| TASK DESCRIPTION |
Give the records again. Keep them exact and leave out the images.

Excerpts from a dataset:
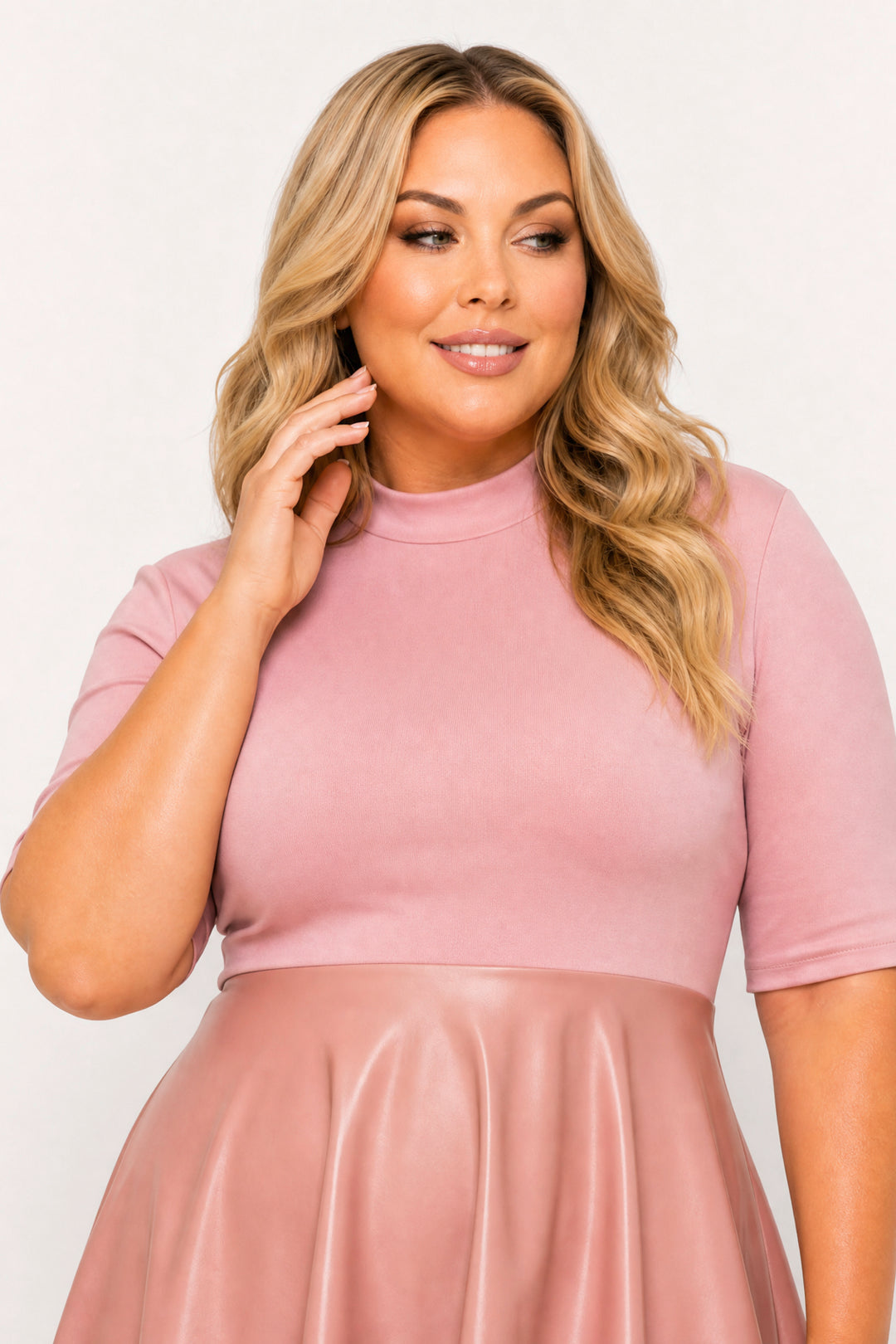 Curvy Sense Inc. Dresses Plus Size Juliette Mock Neck Dress - Mauve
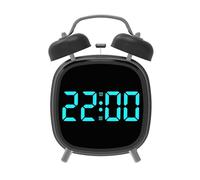 Qsvbeeqj Horloge de bureau réglable légère avec alarme numérique sonore progressive avec deux cloches Mouvement Horloge rétro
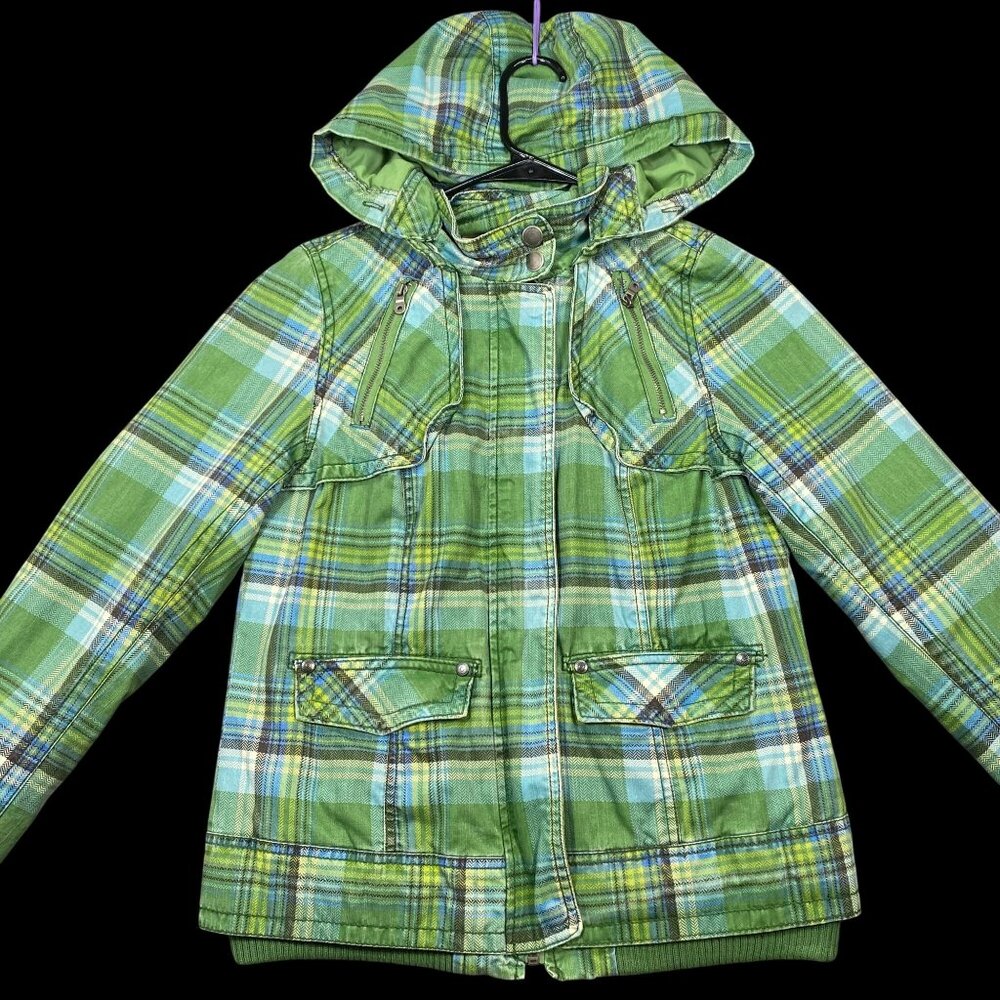 Mossimo Supply Co. Green Plaid Hooded Jacket Size Small Faux Fur Lining Pockets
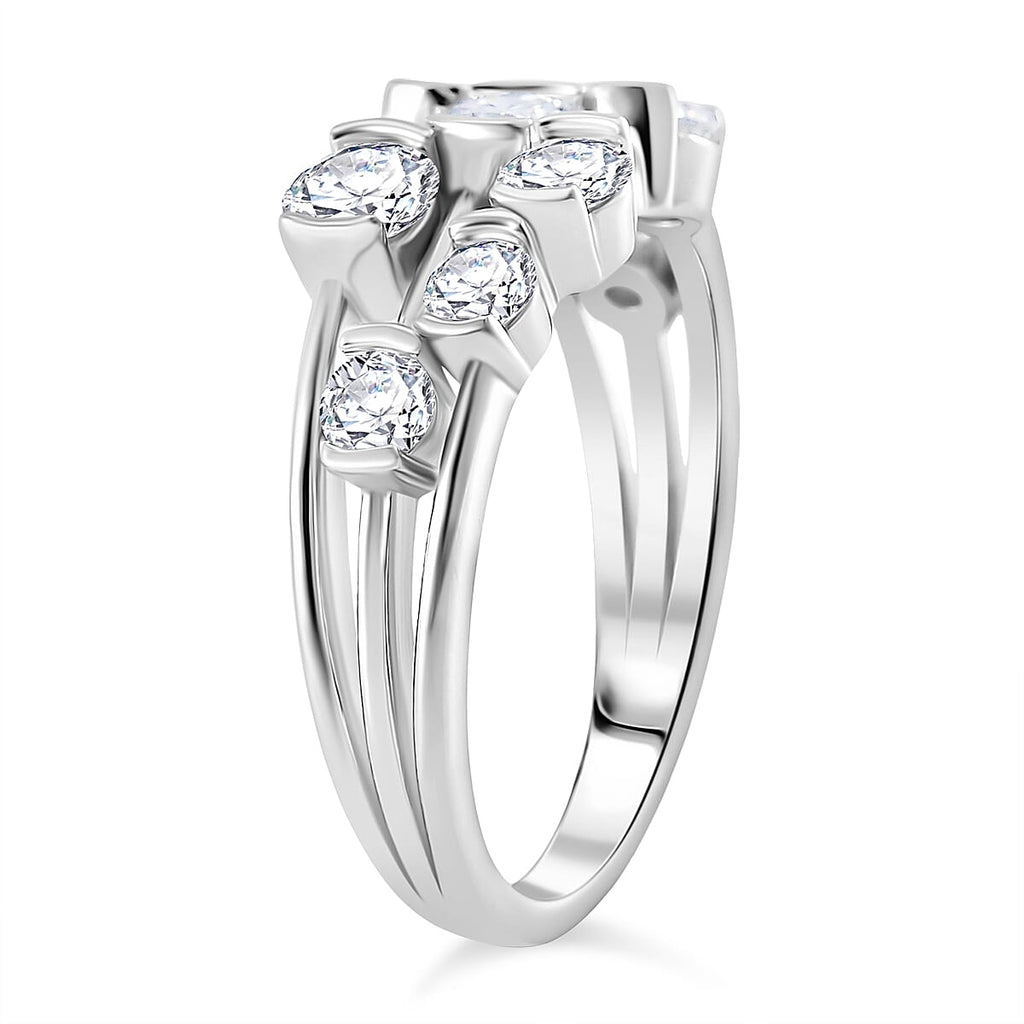 RADIANTA Premium Moissanite GRA Certified (VVS1-D) Moissanite Bubble  Ring in Rhodium Overlay Sterling Silver 1.68 Ct.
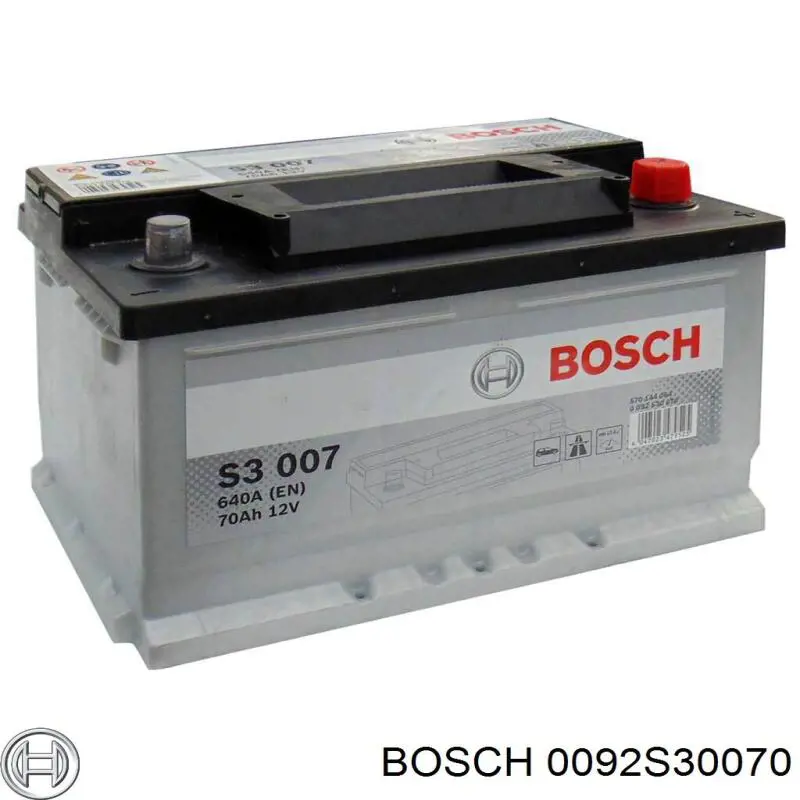 Batería de Arranque Bosch S3 70 ah 12 v B13 (0092S30070)
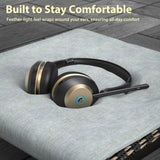 Earbay 5.3 Bluetooth Headset with USB Dongle & Noise Canceling Mic, Wireless Headset with Mic for Work, 50Hrs Playtime Wireless Headphones with Charge Dock & Mic Mute, for PC/Laptop/Phone/Teams/Zoom
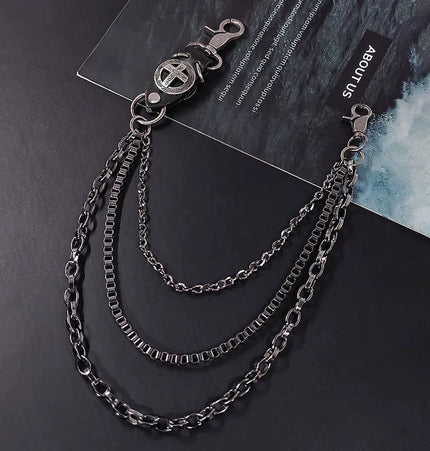 TALKLESSFASHION Black Ten Waist Chain Punk trouser chainsMen's metallic jeans accessoriesAmerican waist chains, hip-hop trendy embellishments, statement pants, eagle claw charms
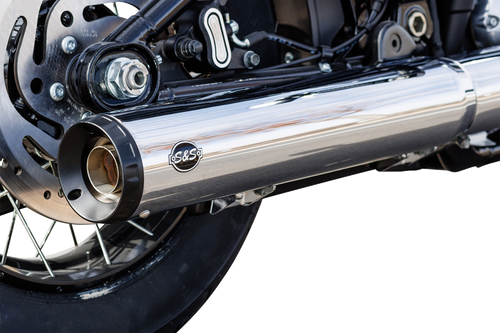 S&S Cycle #550-1160 - Grand National Slip-On Muffler - 50 State - 4" Chrome - M8 Softail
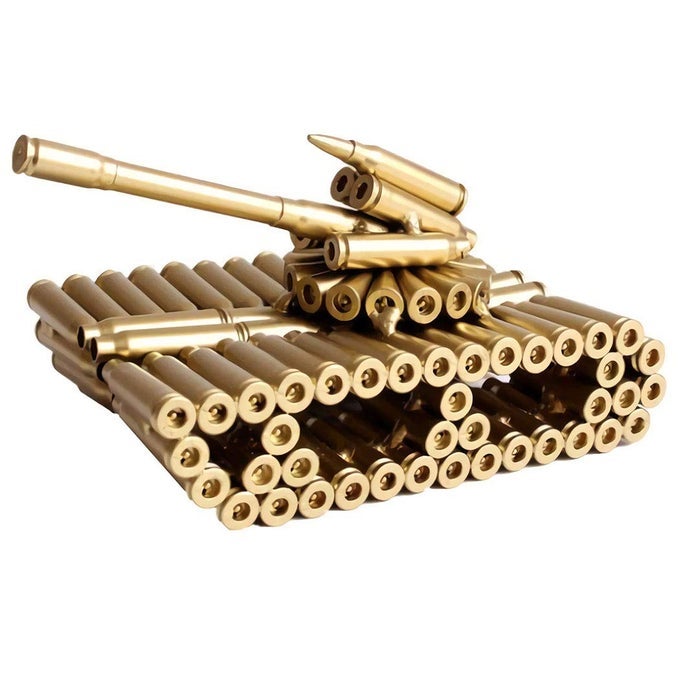 BULLET SHELL CASING SHAPED ARMY TANK METAL SCULPTUREGREAT DECORATIVE ARTWORK MODEL GIFT FOR HOMESTUDY ROOM DECORATIONS GOLD DISC STYLE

| EXERCISE OUTPUT |
 Curvy Sense Inc. Dresses Plus Size Juliette Mock Neck Dress - Mauve
 Qsvbeeqj Horloge de bureau réglable légère avec alarme numérique sonore progressive avec deux cloches Mouvement Horloge rétro
 Mossimo Supply Co. Green Plaid Hooded Jacket Size Small Faux Fur Lining Pockets
 RADIANTA Premium Moissanite GRA Certified (VVS1-D) Moissanite Bubble  Ring in Rhodium Overlay Sterling Silver 1.68 Ct.
 Batería de Arranque Bosch S3 70 ah 12 v B13 (0092S30070)
 Earbay 5.3 Bluetooth Headset with USB Dongle & Noise Canceling Mic, Wireless Headset with Mic for Work, 50Hrs Playtime Wireless Headphones with Charge Dock & Mic Mute, for PC/Laptop/Phone/Teams/Zoom
 TALKLESSFASHION Black Ten Waist Chain Punk trouser chainsMen's metallic jeans accessoriesAmerican waist chains, hip-hop trendy embellishments, statement pants, eagle claw charms
 S&S Cycle #550-1160 - Grand National Slip-On Muffler - 50 State - 4" Chrome - M8 Softail
 BULLET SHELL CASING SHAPED ARMY TANK METAL SCULPTUREGREAT DECORATIVE ARTWORK MODEL GIFT FOR HOMESTUDY ROOM DECORATIONS GOLD DISC STYLE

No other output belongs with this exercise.